AIP_TRAINING_DATA_URI: The location that your training data is stored at.
AIP_VALIDATION_DATA_URI: The location that your validation data is stored at.
AIP_TEST_DATA_URI: The location that your test data is stored at.
Where each of the URI values are wildcards that annotate training, validation, and test data files in .jsonl
format as such:
gs://bucket_name/path/training-*
gs://bucket_name/path/validation-*
gs://bucket_name/path/test-*
Now, in your custom container that contains the python code, how do you actually access the contents of each of the files?

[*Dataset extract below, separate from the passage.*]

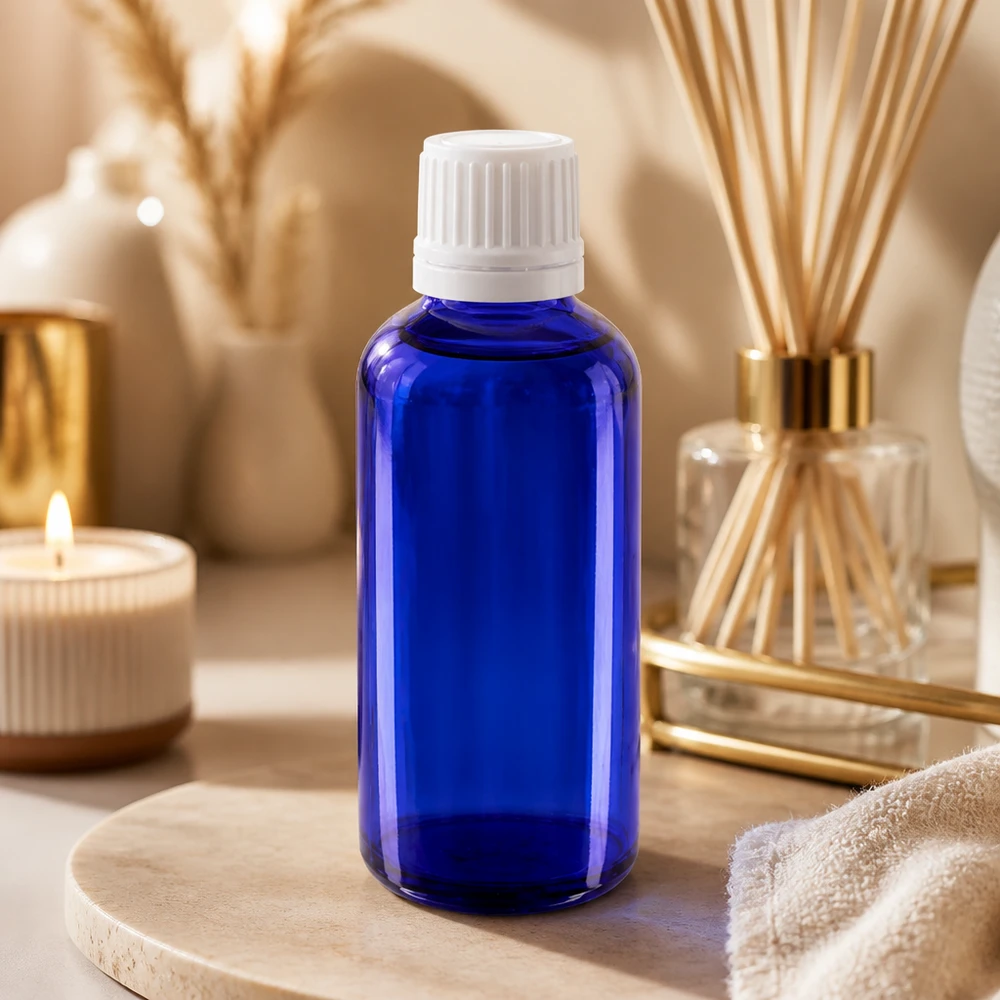 Flacon en verre bleu cobalt de 50 ml avec compte-gouttes OV de 0,7 mm pour la protection des liquides photosensibles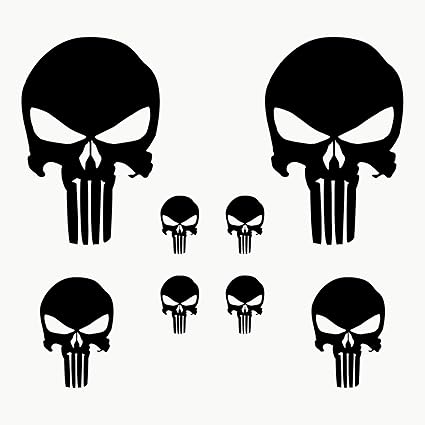 Autodomy Pegatinas Punisher Calavera Pack 8 Unidades para Coche o Moto (Negro): Amazon.es: Coche y moto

I've tried splitting the URI string using the following regex to obtain the bucket_name
and the prefix
info, and attempted the grab it using bucket.list_blobs(delimiter='/', prefix=prefix[:-1])
but it returns nothing when the files are definitely there. Here is a minimal example of the attempted code:
import os
import re
from google.cloud import storage
aip_training_data_uri = os.environ.get('AIP_TRAINING_DATA_URI')
match = re.match('gs://(.*?)/(.*)', aip_training_data_uri)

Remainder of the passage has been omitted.